Phil Scott, the Governor of Vermont, became the first Republican governor to support the impeachment inquiry. Charlie Baker, the Republican Governor of Massachusetts, also announced his support. Republican Maryland Governor Larry Hogan later announced his support for an inquiry, though clarifying he did not yet support impeachment itself.

On October 18, John Kasich, former Governor of Ohio and a CNN political commentator since January 2019, publicly said President Trump should be impeached. Until this point, he had argued that there was not enough evidence to impeach him.

During the fourth 2020 Democratic Party presidential debate, Andrew Yang said that while he supports impeaching Trump, he believes it may not be successful and would not solve the issues that led to Trump's election. He later said "Trump thrives on attention, even negative attention".

==== Against impeachment inquiry ====
Senator Lindsey Graham (R-South Carolina) criticized the whistleblower, calling the complaint hearsay and a sham.

On October 3, 2019, House Republican leader Kevin McCarthy called on Pelosi to suspend the inquiry and requested answers to 10 questions before it moved forward. Several Republican politicians, including Representative Jordan and former South Carolina Representative Trey Gowdy, who had been stout defenders of congressional oversight during the Obama Administration and the Investigation into the 2012 Benghazi attack, joined Trump's resistance to the investigation.

On October 23, more than two dozen Republican members of the House—led by Representative Gaetz and with Trump's prior knowledge and assent—staged a protest against impeachment proceedings by entering the SCIF where a hearing was about to commence, some carrying cellphones in violation of security protocols. The protest caused a five-hour stand-off during which the House Sergeant at Arms was summoned to intervene. Days earlier, Gaetz—who is not a member of any of the three committees—had entered the hearings and was instructed to leave after a parliamentarian ruling.

On October 24, Senator Graham, chair of the Senate Judiciary Committee proposed a Senate resolution (S. Res 378) condemning the closed door impeachment process and urging the House to hold a formal vote to initiate the impeachment inquiry, which by October 28, 50 Republican senators cosponsored. As of November 2019, only three Republican Senators, of the 53 in the Senate, Susan Collins of Maine, Lisa Murkowski of Alaska, and Mitt Romney of Utah, declined to cosponsor the resolution opposing the impeachment process.

As the articles of impeachment moved to a vote before the full House and referral to the Senate for trial, Senate majority leader Mitch McConnell met with White House Counsel Pat Cipollone and congressional liaison Eric Ueland, later stating, "everything I do during this I'm coordinating with the White House counsel. There will be no difference between the president's position and our position as to how to handle this." McConnell also said there was "no chance" the Senate would convict Trump and remove him from office while declaring his wish that all Senate Republicans would acquit Trump of both articles of impeachment. Two days later, Judiciary Committee chairman Graham said, "I am trying to give a pretty clear signal I have made up my mind. I'm not trying to pretend to be a fair juror here ... I will do everything I can to make [the impeachment trial] die quickly." The Constitution requires senators to take an impeachment oath, which by Senate rules then in effect stated, "I will do impartial justice according to the Constitution and laws, so help me God."

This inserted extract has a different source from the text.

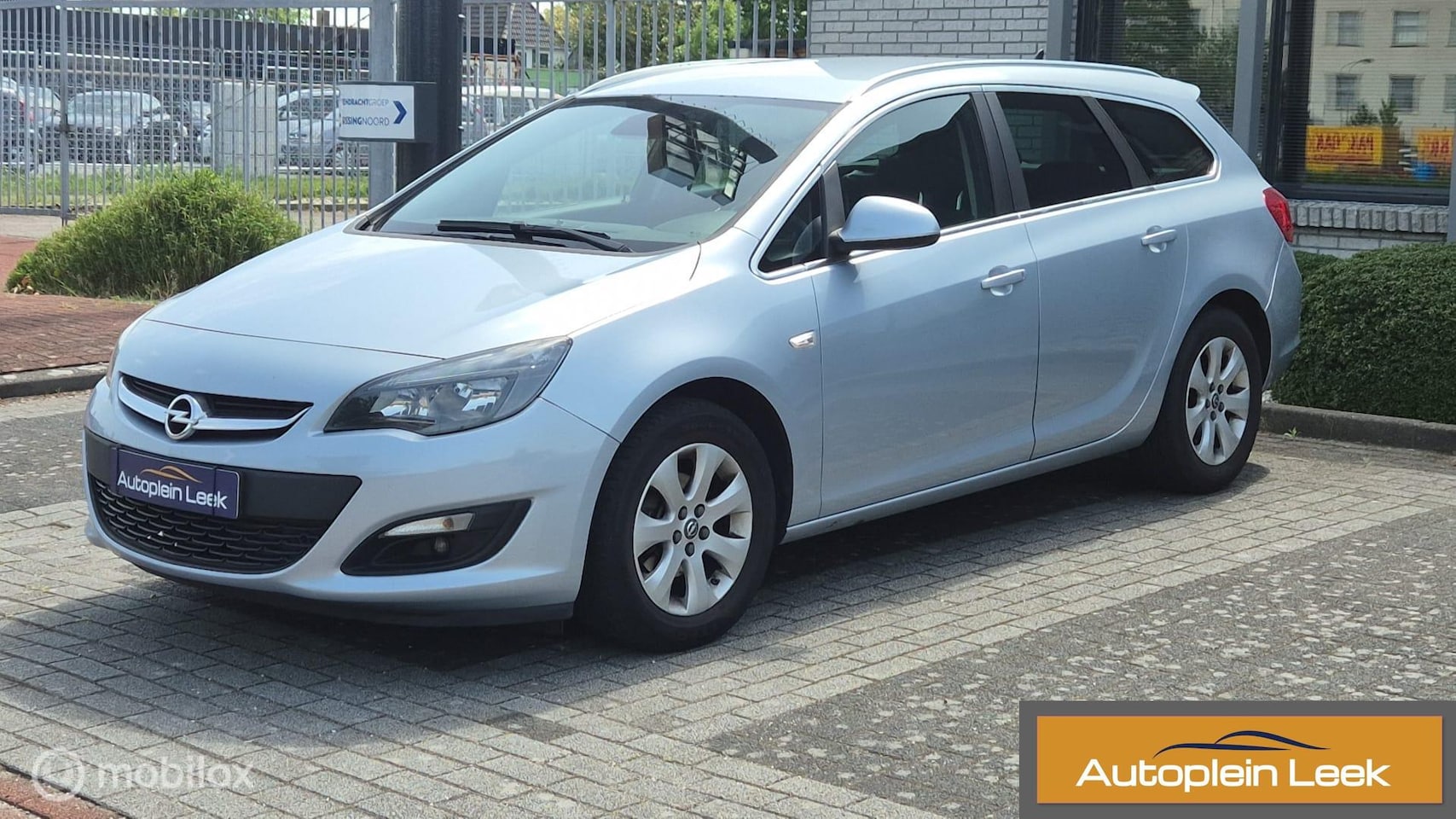Opel Astra Sports Tourer - 1.4 Turbo Edition trekhaak clima - AutoWereld.nl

House Democrats Collin Peterson of Minnesota and Jeff Van Drew of New Jersey, the only two Democrats to vote against the initial October resolution, went public with their intentions to again vote against impeachment ahead of the House vote. Peterson issued that his "biggest problem" was that impeachment was always sought after by Democrats, "[T]hey've spent a year trying to figure out how they can make a case for it. That's backwards. I just don't agree with this."

=== Legal professionals and academics ===
==== Academics ====
Some historians and diplomats have called the severity of the allegations "unprecedented" in American history. Elaine Kamarck of the Progressive Policy Institute has described how this inquiry is different from Nixon's Watergate: "the president himself is directly involved in all four of the likely articles of impeachment": obstruction of justice, violation of federal election law (a possible constitutional abuse of power), obstruction of Congress, and violation of the emoluments clause.

Some academics responded to tweets by Trump in which he quoted Robert Jeffress, a prominent Southern Baptist pastor who warned of a "Civil War-like fracture" if Democrats continued the inquiry. On Twitter, Harvard Law School professor John Coates cautioned that the tweet was an independent basis for impeachment as the sitting president was threatening civil war if Congress exercised its constitutionally authorized power. A fellow faculty member of Harvard Law, Laurence Tribe, agreed but cautioned that, due to the typical tone of Trump's tweets, the statement could be interpreted as "typical Trumpian bloviating" that would not be taken seriously or literally.

==== Legal professionals ====
A group of 17 former Watergate special prosecutors published an opinion piece in The Washington Post in which they said the public record contains prima facie evidence that Trump had committed impeachable acts. Supreme Justice Ruth Bader Ginsburg, briefly spoke about the impeachment after she was directly asked about the Supreme Court intervening in the process after Trump had tweeted the suggestion on December 2. Ginsburg highlighted the reactive nature of the U.S. Judicial system, and cautioned that any senator who shows bias before the trial should not be allowed to serve as jurors in the impeachment trial, as any legal professional would be disqualified from a case if they acted similarly.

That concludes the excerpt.